Technologies

Publish at January 24 2023 Updated January 24 2023

Soundtrap: Spotify's podcast and music creator

One more solution for educators to create sound files

A 1978 song called "Video killed the radio star" addressed the idea that the advent of music videos on television would possibly harm the airwaves, and even the listening of music without pictures. Not only has radio not disappeared, but audio listening has become increasingly popular with digital technology. Of course, habits have changed. Now, people listen to their music or podcasts on demand to fill relaxing moments in their schedule.

Services like Deezer or Spotify have literally transformed the approach by offering the world an almost infinite library of music plus thousands of podcasts on every possible topic. Therefore, it is not surprising that the latter has also bet on audio creation by offering individuals and teachers a technological solution. This one is called "Soundtrap" and it came at the right time when education systems had to close down because of the pandemic.
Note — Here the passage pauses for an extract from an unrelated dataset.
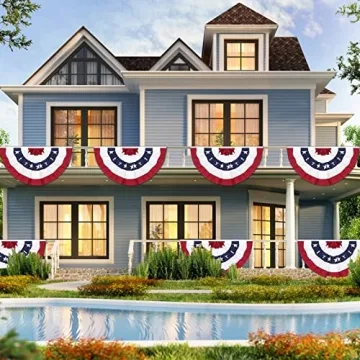 3 x 6 Ft American Pleated Fan Flag, USA Patriotic Half Fan Bunting Flag, 4th of July Decorations Flags (Set of 2)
A composition and recording software

Soundtrap is thus an audio editing and creation software free for individuals (with several restrictions on projects, accessible loops, etc.) and in trial without payment for the education world. The latter have access to specific quotes for use in an institution. For example, teachers can invite their class from Google Classroom or simply set up a group and send an access link to students, available for 30 minutes or 30 days.

Then, learners will be able to access the software and have two options: either compose music or produce a podcast. Regardless of the project, they will need to create a sound track whether directly in the application or from an already existing audio file.

In music, they will be able to literally compose right within the tool by selecting the instrument and adding the notes to a digital score. Soundtrap also has a drum machine that allows, as shows this teacher in videos on YouTube, to reenact well-known songs. Students can play with different effects, including reverb, soft attack, etc. The app actually works very well with MIDI pianos.

As for podcasts, it's very easy to simply record from the software. It is even possible to invite a guest through a link available for 24 hours. Thus, everything can be recorded and then edited with the software. The learners can - just like in music composition - adapt the volume of their side or that of the guest's sound station. Each track can be renamed, deleted, duplicated or exported as desired and easily by clicking on the ellipses present on each track.

The whole thing is easy to use and complete. What's more, the site provides video tutorials explaining each of the possible actions without narration, simply showing how to do it. However, while the software is available in French, the tutorials are in English.